- _Exercise_
Beginning with the line that holds "Appartement Fridays Flats" and ending with the last line of the entries below, copy every line exactly and nothing else, with the pictures left out.

Extracted data entries:

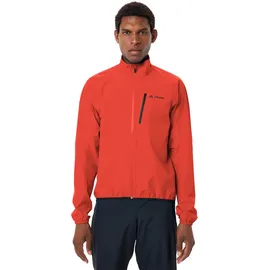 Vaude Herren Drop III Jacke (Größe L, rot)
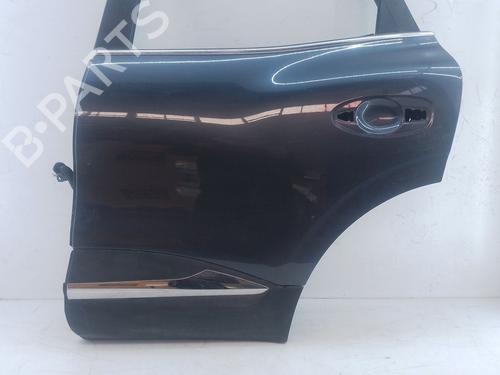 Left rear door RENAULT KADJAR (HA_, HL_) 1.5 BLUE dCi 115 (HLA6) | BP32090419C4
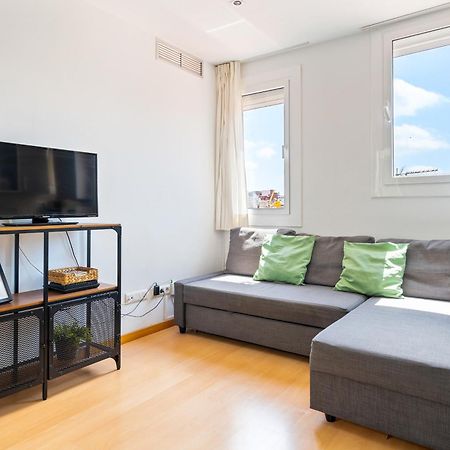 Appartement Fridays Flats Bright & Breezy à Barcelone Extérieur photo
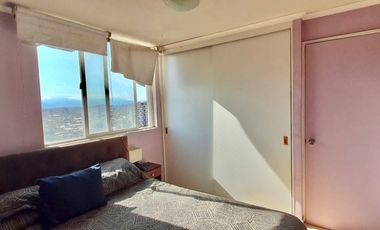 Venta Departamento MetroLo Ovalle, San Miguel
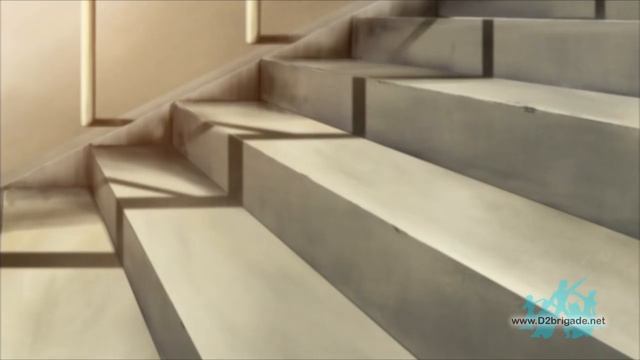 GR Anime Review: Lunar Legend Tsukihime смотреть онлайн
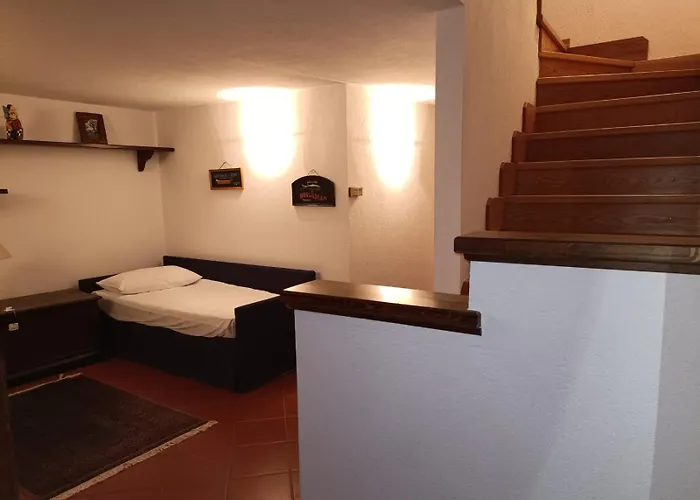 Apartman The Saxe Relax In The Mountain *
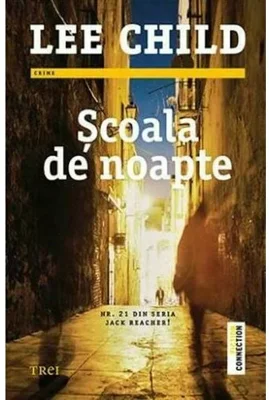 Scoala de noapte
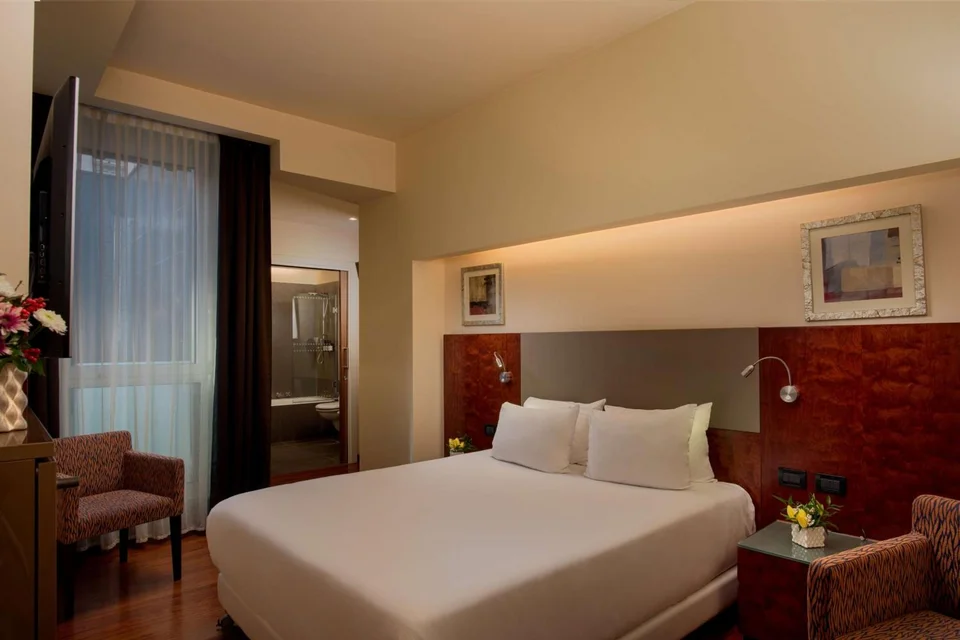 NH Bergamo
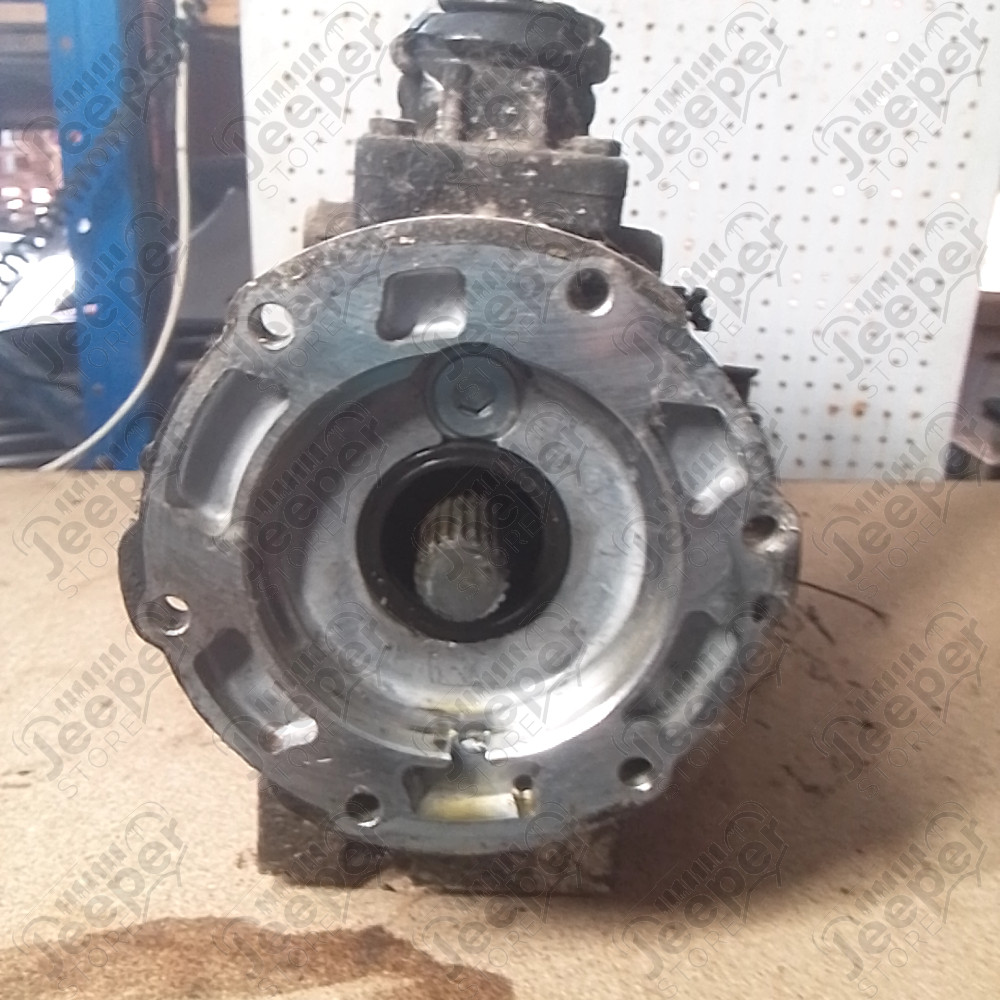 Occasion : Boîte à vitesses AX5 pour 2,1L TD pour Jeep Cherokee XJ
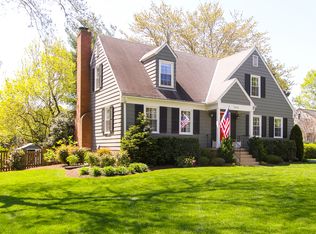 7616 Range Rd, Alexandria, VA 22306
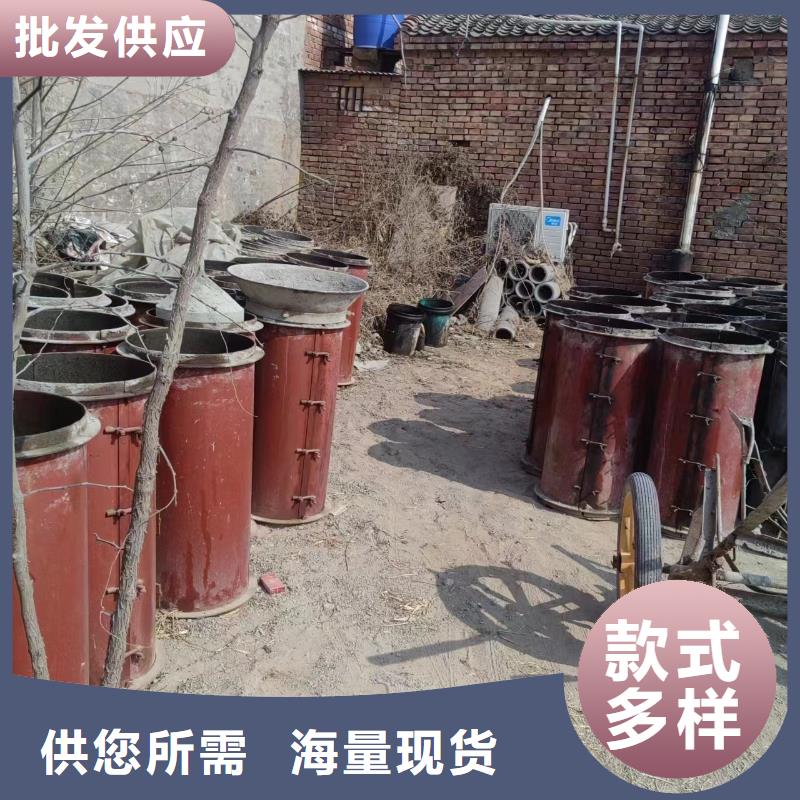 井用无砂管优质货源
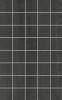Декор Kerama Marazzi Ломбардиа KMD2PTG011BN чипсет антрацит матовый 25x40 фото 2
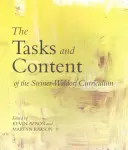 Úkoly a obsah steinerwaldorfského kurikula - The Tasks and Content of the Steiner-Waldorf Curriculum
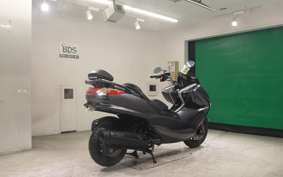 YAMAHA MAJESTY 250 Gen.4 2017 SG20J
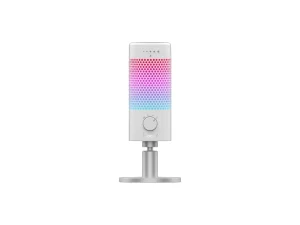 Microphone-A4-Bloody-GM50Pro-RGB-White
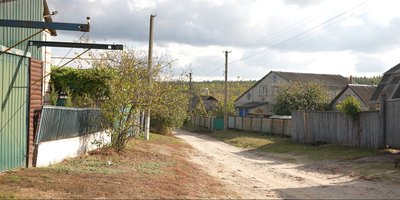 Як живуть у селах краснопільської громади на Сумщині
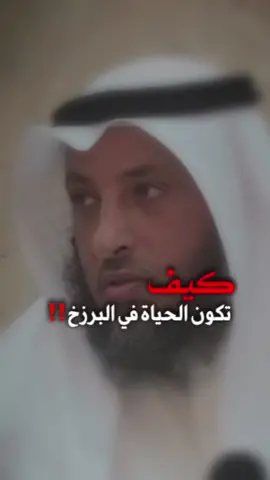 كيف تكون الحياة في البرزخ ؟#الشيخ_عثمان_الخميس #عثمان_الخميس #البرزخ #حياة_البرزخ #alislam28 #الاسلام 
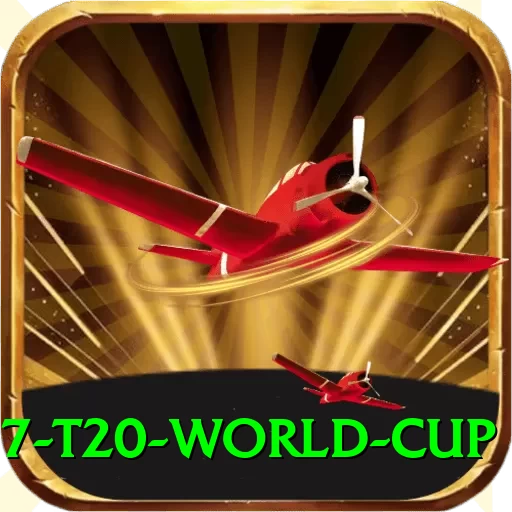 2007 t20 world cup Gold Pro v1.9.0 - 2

- _Your solution_
 Appartement Fridays Flats Bright & Breezy à Barcelone Extérieur photo
 Venta Departamento MetroLo Ovalle, San Miguel
 GR Anime Review: Lunar Legend Tsukihime смотреть онлайн
 Apartman The Saxe Relax In The Mountain *
 Scoala de noapte
 NH Bergamo
 Occasion : Boîte à vitesses AX5 pour 2,1L TD pour Jeep Cherokee XJ
 7616 Range Rd, Alexandria, VA 22306
 井用无砂管优质货源
Декор Kerama Marazzi Ломбардиа KMD2PTG011BN чипсет антрацит матовый 25x40 фото 2
 Úkoly a obsah steinerwaldorfského kurikula - The Tasks and Content of the Steiner-Waldorf Curriculum
 YAMAHA MAJESTY 250 Gen.4 2017 SG20J
 Microphone-A4-Bloody-GM50Pro-RGB-White
 Як живуть у селах краснопільської громади на Сумщині
 كيف تكون الحياة في البرزخ ؟#الشيخ_عثمان_الخميس #عثمان_الخميس #البرزخ #حياة_البرزخ #alislam28 #الاسلام 
 2007 t20 world cup Gold Pro v1.9.0 - 2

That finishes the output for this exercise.